Try it ▸ Please set down the data again exactly, minus the pictures.
Recorded information START
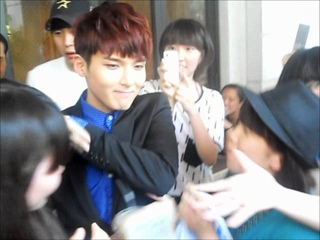 110805 Yesung Ryeowook Heechul - Handel and Gretel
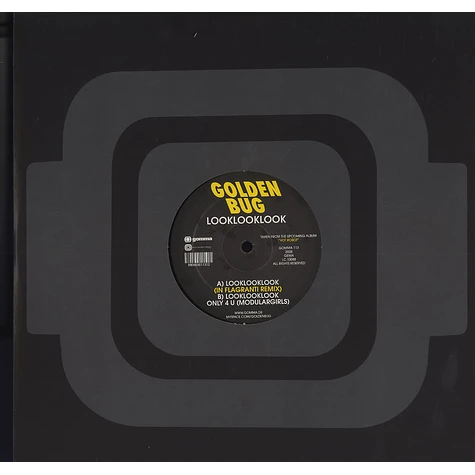 Golden Bug - Looklooklook In Flagranti remix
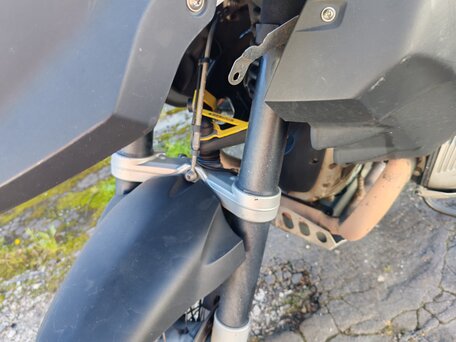 2012 BMW R 1200 GS Adventure, бежевый, 670000 рублей, вид 5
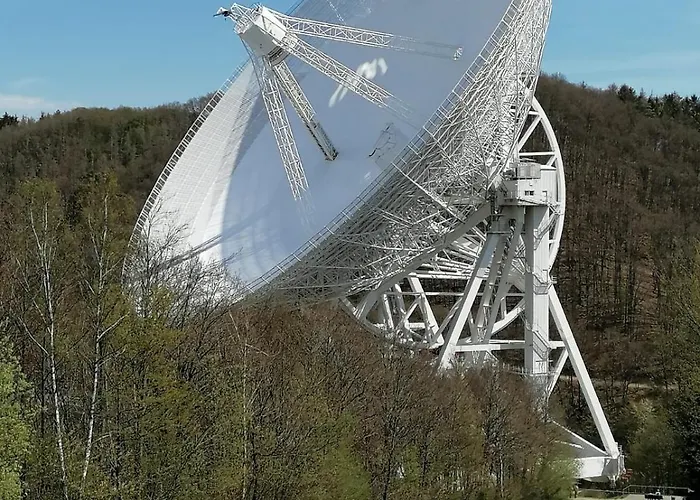 Eifelblick Hébergement de vacances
Recorded information END
Answer to this problem ▸
 110805 Yesung Ryeowook Heechul - Handel and Gretel
 Golden Bug - Looklooklook In Flagranti remix
 2012 BMW R 1200 GS Adventure, бежевый, 670000 рублей, вид 5
 Eifelblick Hébergement de vacances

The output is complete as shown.